With a work force that includes many women of childbearing age, how the vaccine could affect pregnancy and fertility were often the concern.
“It’s pregnancy, breastfeeding, fertility,” Hinchey said, listing common vaccine concerns.
The COVID vaccine wasn’t tested on pregnant women, so their concern makes sense to Dr. Stephen Thacker, associate chief medical officer and pediatric infectious disease specialist at Memorial Health. But he would counsel pregnant women toward vaccination because getting COVID late in pregnancy especially can be life threatening. The CDC includes pregnancy among the conditions that put people with COVID-19 at increased risk of developing severe illness, including an increased risk of death.
On Monday Dr. Anthony Fauci, the nation’s leading infectious disease expert, said about 10,000 pregnant women in the U.S. have been vaccinated since the Food and Drug Administration authorized two vaccines, and so far there have been “no red flags.”
At St.
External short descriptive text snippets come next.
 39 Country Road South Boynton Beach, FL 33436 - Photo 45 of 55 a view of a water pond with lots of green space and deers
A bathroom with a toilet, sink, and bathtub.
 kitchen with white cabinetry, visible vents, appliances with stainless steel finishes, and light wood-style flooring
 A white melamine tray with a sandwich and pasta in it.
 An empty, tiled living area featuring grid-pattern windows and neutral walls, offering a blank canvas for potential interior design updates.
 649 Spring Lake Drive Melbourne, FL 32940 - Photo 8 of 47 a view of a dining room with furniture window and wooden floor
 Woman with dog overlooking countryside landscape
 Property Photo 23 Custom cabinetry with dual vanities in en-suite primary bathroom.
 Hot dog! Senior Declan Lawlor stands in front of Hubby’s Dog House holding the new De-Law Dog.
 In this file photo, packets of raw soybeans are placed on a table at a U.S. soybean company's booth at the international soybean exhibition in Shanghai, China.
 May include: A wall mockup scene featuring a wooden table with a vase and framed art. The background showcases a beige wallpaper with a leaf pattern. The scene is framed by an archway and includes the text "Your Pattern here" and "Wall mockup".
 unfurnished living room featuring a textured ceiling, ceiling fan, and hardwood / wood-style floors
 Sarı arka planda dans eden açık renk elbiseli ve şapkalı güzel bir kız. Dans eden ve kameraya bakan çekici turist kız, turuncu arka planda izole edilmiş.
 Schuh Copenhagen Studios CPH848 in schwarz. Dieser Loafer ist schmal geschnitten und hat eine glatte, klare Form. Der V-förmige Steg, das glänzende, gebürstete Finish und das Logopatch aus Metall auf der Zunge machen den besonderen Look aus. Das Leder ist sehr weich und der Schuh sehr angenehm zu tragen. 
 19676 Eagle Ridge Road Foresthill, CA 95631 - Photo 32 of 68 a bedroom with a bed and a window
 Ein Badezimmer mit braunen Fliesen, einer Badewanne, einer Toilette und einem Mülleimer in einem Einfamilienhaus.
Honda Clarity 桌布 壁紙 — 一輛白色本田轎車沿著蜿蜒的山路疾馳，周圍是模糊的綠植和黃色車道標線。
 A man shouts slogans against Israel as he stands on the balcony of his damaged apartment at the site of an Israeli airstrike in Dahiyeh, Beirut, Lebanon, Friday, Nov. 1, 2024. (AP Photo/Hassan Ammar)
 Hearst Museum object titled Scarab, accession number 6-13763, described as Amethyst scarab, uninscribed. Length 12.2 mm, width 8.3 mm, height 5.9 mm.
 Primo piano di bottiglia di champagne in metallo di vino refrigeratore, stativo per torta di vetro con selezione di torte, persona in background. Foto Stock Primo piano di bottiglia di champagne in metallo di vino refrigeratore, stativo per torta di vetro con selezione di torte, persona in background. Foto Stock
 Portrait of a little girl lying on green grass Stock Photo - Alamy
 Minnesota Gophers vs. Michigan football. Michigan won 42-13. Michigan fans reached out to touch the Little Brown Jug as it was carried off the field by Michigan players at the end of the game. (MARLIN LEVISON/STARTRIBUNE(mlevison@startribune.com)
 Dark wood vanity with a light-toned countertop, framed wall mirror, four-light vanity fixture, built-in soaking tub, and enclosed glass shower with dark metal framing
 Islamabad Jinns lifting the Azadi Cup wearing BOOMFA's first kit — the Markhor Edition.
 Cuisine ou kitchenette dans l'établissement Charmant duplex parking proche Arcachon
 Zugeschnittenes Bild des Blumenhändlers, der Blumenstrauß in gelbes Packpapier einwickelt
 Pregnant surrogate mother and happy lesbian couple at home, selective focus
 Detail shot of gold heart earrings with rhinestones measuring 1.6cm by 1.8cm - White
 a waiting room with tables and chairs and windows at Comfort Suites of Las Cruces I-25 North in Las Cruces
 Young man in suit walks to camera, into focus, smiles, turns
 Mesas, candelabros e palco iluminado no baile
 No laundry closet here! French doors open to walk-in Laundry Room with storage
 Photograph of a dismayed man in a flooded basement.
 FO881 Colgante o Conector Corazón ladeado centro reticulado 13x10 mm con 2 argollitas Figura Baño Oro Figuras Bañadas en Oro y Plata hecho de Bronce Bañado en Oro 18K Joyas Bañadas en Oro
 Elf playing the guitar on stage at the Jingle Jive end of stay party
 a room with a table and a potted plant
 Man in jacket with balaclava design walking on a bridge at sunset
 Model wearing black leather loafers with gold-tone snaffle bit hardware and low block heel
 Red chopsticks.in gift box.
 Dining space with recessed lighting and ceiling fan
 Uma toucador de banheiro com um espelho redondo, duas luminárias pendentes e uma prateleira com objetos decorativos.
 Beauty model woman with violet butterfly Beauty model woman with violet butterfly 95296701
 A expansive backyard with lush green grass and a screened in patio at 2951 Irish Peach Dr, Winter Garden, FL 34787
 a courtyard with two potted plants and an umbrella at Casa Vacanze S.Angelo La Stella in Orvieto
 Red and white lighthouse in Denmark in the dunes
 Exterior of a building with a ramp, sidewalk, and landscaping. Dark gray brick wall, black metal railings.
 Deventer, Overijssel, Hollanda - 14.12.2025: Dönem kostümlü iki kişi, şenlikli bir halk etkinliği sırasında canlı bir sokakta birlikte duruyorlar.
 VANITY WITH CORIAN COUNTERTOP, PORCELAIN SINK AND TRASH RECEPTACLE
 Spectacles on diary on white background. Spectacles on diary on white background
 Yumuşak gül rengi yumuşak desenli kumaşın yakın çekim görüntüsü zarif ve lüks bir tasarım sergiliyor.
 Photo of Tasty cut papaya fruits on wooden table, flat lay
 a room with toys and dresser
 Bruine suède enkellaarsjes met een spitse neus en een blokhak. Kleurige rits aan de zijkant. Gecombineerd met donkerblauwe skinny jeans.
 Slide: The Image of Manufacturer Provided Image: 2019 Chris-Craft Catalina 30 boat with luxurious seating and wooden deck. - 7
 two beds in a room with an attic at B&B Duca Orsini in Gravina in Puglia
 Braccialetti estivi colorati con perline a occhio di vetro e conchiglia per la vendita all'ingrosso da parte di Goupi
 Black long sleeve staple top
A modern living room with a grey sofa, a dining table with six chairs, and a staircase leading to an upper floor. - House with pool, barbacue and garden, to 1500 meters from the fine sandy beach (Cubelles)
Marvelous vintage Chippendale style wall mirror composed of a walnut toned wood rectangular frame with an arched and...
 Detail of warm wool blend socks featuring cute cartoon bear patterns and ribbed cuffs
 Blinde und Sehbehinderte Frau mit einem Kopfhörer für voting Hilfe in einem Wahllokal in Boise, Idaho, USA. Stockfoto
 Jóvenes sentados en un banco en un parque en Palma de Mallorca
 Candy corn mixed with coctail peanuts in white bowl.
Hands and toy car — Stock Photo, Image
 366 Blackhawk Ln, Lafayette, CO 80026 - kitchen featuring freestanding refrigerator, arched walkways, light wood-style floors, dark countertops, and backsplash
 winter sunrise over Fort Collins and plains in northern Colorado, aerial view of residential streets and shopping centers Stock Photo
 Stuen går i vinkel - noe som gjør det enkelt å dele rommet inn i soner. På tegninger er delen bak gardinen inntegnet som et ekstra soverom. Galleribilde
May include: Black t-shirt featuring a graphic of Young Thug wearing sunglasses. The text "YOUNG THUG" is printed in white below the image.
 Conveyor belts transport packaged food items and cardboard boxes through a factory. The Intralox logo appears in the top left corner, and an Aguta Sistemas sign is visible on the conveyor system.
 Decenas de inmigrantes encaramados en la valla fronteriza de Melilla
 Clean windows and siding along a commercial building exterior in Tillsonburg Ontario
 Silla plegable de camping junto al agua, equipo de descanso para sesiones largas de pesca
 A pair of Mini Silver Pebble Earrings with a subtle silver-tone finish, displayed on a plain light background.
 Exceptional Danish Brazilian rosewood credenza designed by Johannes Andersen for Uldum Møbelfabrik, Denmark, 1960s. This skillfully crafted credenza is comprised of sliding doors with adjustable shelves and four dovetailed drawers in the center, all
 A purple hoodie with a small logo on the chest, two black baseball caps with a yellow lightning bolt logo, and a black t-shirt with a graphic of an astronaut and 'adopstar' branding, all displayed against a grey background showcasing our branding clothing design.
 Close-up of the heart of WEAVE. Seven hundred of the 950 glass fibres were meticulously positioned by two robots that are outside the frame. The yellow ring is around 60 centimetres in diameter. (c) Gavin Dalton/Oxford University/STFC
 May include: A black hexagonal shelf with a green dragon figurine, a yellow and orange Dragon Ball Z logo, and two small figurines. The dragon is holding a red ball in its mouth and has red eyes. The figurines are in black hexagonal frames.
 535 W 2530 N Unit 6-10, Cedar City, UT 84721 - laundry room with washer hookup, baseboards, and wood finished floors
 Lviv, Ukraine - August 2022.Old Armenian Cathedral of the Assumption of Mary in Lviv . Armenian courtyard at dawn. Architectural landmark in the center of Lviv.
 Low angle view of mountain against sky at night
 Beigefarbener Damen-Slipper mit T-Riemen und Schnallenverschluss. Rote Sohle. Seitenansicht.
Joseph’s/Candler, a sense of youthful invulnerability was another factor for some staffers.
“Some people are young; they just don’t think I’ll need it,” Hinchey said.
St. Joseph’s/Candler didn’t track vaccine acceptance by race.
“Because we were going after everyone: white, Black, Hispanic, you know, it didn’t matter to us,” Hinchey said.
But talking to people individually changed their minds of about two-thirds of the staffers who initially declined the vaccine, Hinchey said.
“And I would say that’s probably a couple of hundred people. And that’s a lot. That’s great,” he said.
The increase will mean more than 70% of St. Joseph’s/Candler staff will be vaccinated, a minimum level epidemiologists cite as necessary to achieve herd immunity.
“This is going to take explanation in a roll-up-your-sleeves and talk to people way,” Hinchey said. “And if you do that, you’ll find that many people will say, ‘Hmm, OK, I’m going to give it a try.’”
Tammi Brown, the Chatham County nurse manager with the health department, said the concern she hears most frequently is the speed with which the vaccine was developed and approved for emergency use.
She counters that worry with the scientific and the personal.
First, she encourages people to look at the data themselves, on the Centers for Disease Control and Prevention and its Advisory Committee on Immunization Practices website.
“I encourage them to look at the data, which is what I did,” she said. “You know, to make sure that you’re making an informed decision.”
The information supports that it is a safe vaccine and is effective, Brown said.
“The vaccine is not live, so it can’t give you COVID,” she said.
Like Ellis, she also leads by example. Brown was among the first people in Georgia to receive the vaccine.
“And I let them know that I got it,” she said. “I encouraged my mother who’s 78 years old to get it. And so if I’m going to encourage it for myself and my mother, then obviously, it’s something that I trust.”